Par arrêt du 5 mars 2024, la Présidente de la Chambre des baux et loyers de la Cour de justice du canton de Genève a ordonné l'exécution anticipée du jugement de première instance.
2.
Le 8 avril 2024, A.________ (ci-après: la recourante) a interjeté un recours en matière civile au Tribunal fédéral. Elle a conclu, principalement, à la réforme de la décision attaquée en ce sens que la demande d'exécution anticipée du jugement de première instance est rejetée. Subsidiairement, elle a sollicité l'annulation de l'arrêt querellé.
La bailleresse (ci-après: l'intimée) et la cour cantonale n'ont pas été invitées à répondre au recours.
3.
L'arrêt entrepris est une décision incidente de nature à causer un préjudice irréparable à la recourante. Elle est donc susceptible de recours selon l'art. 93 al. 1 let. a LTF (arrêt 4A_337/2014 du 14 juillet 2014 consid. 2.1 et les références citées).
4.
L'ordre d'exécution anticipée d'un jugement de première instance, comme la décision accordant l'effet suspensif, est une décision sur mesures provisionnelles au sens de l'art. 98 LTF (arrêt 4A_337/2014, précité, consid. 2.2). En conséquence, seule peut être invoquée la violation des droits constitutionnels. Le Tribunal fédéral n'examine de tels griefs que s'ils ont été invoqués et motivés (art. 106 al. 2 LTF), à savoir expressément soulevés et exposés de manière claire et détaillée (ATF 135 III 232 consid. 1.2: arrêt 4A_132/2020 du 8 septembre 2020 consid. 2 et les références citées). Pour satisfaire à cette exigence, le recourant doit indiquer précisément quelle disposition constitutionnelle a été violée (principe d'allégation) et démontrer par une argumentation précise en quoi consiste la violation. Le Tribunal fédéral n'entre pas en matière sur les critiques de nature appellatoire (arrêt 4A_132/2020, précité, consid. 2 et les références citées).
5.
Selon l'art. 315 al. 1 CPC, l'appel suspend la force de chose jugée et le caractère exécutoire de la décision dans la mesure des conclusions prises en appel. En vertu de l'art. 315 al. 2 CPC, l'instance cantonale saisie d'un appel peut toutefois autoriser l'exécution anticipée et ordonner, au besoin, des mesures conservatoires ou la fourniture de sûretés. Selon les principes généraux, elle procédera à une pesée des intérêts en présence et se demandera, en particulier, si la décision est de nature à provoquer une situation irréversible; elle prendra également en considération les chances de succès de l'appel (cf. dans le même sens: arrêt 4A_337/2014, précité, consid. 3.1).
En l'espèce, l'autorité précédente, après avoir correctement exposé les principes jurisprudentiels applicables, a procédé à l'examen des chances de succès de l'appel.

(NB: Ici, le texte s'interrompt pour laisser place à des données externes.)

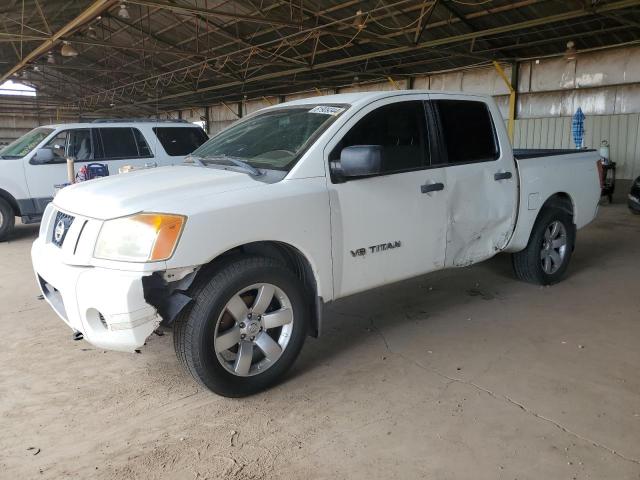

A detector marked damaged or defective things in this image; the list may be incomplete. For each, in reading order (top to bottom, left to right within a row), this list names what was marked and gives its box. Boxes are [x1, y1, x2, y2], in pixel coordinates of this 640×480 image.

dented rear door [424, 94, 520, 266]
damaged front bumper [32, 239, 168, 352]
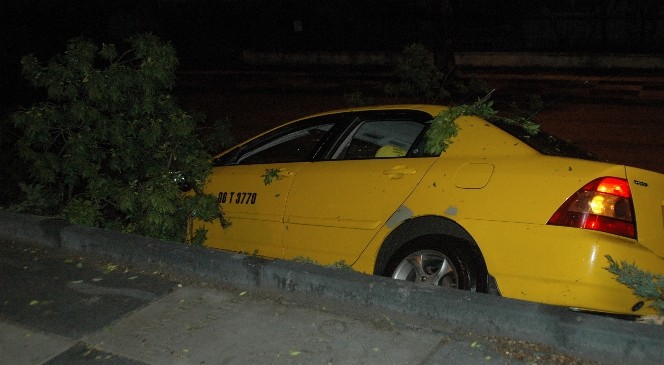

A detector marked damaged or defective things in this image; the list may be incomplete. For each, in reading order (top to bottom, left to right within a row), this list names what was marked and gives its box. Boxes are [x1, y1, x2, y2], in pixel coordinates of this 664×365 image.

dented car panel [195, 104, 664, 314]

Dans sa motivation, elle a considéré que celles-ci ne paraissaient pas données à première vue, étant donné que l'intimée est au bénéfice d'un jugement entré en force constatant la validité de la résiliation des baux, et que l'appelante savait depuis plusieurs mois qu'elle devait libérer les locaux en question et qu'elle n'avait pas allégué avoir entrepris la moindre démarche en vue de se reloger. Au terme de son examen, elle a jugé que la pesée des intérêts en présence justifiait d'ordonner l'exécution anticipée du jugement d'évacuation.
6.
6.1. Dans son mémoire de recours, l'intéressée dénonce une atteinte à son droit d'être entendue (art. 29 al. 2 Cst.), une violation du principe de la bonne foi (art. 5 al. 3 Cst.) et reproche à l'autorité précédente d'avoir versé dans l'arbitraire. A cet égard, elle souligne que la cour cantonale lui a notifié une ordonnance, datée du 26 février 2024, contenant notamment les indications suivantes:
" Vous avez un délai de 3 jours dès réception de la présente pour répondre à la demande d'exécution anticipée auprès de la Cour de justice (...)

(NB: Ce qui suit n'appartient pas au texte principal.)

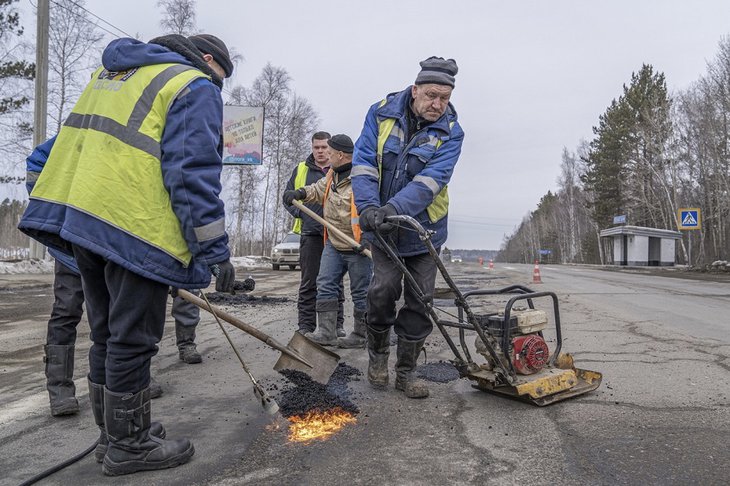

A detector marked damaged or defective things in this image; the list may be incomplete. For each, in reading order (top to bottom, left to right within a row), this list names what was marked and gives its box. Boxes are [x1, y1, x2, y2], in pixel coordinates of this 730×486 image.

asphalt patch [272, 360, 362, 418]
asphalt patch [416, 360, 460, 384]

Nous vous informons que: à défaut de faire usage de votre droit de répliquer par écrit, dans un délai de 10 jours dès réception de la présente, l'acte ne sera pas pris en considération. "

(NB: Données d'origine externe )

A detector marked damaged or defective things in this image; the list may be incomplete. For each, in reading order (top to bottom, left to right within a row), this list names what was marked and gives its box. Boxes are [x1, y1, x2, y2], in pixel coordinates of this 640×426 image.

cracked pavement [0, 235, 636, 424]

La recourante soutient qu'elle est partie du principe qu'elle bénéficiait d'un délai de dix jours pour se déterminer de manière complète, mais qu'elle devait toutefois marquer son opposition à la demande d'exécution anticipée dans un délai de trois jours. Elle relève qu'elle a conclu le 1er mars 2024 au rejet de la requête présentée par son adversaire et qu'elle a déposé une réplique le 8 mars 2024. Or, cette réplique n'a pas été prise en considération par l'autorité précédente, alors que la recourante prétend qu'elle pouvait légitimement penser qu'elle était en droit de déposer une réplique jusqu'au 8 mars 2024 en vue d'exposer ses arguments au fond contre le prononcé de l'exécution anticipée du jugement de première instance. L'intéressée y voit une violation de son droit d'être entendue dès lors que son écriture du 8 mars 2024 n'a pas été prise en compte. Elle fait aussi valoir que la formulation de l'ordonnance du 26 février 2024 était trompeuse, raison pour laquelle elle dénonce une violation du principe de la bonne foi. Elle reproche, en outre, à l'autorité précédente d'avoir sombré dans l'arbitraire en ne retenant pas que l'exécution anticipée du jugement de première instance la placerait dans une situation irréversible. Elle fait aussi grief à l'autorité précédente de n'avoir pas effectué de véritable pesée des différents intérêts en présence et de ne pas avoir précisé quels intérêts de l'intimée seraient potentiellement lésés, ce qui constituerait également un défaut de motivation contraire à la garantie constitutionnelle du droit d'être entendu.
6.2.
6.2.1. Le droit d'être entendu consacré à l'art. 29 al. 2 Cst. comprend en particulier le droit, pour une partie à un procès, de prendre connaissance de toute argumentation présentée au tribunal et de se déterminer à son propos, que celle-ci contienne ou non de nouveaux éléments de fait ou de droit, et qu'elle soit ou non concrètement susceptible d'influer sur le jugement à rendre. Toute prise de position ou pièce nouvelle versée au dossier doit dès lors être communiquée aux parties pour leur permettre de décider si elles veulent ou non faire usage de leur faculté de se déterminer (ATF 146 III 97 consid. 3.4.1). Le droit de répliquer n'impose pas à l'autorité judiciaire l'obligation de fixer un délai à la partie pour déposer d'éventuelles observations. Elle doit seulement lui laisser un laps de temps suffisant, entre la remise des documents et le prononcé de sa décision, pour que la partie ait la possibilité de déposer des observations si elle l'estime nécessaire (ATF 146 III 97 consid. 3.4.1).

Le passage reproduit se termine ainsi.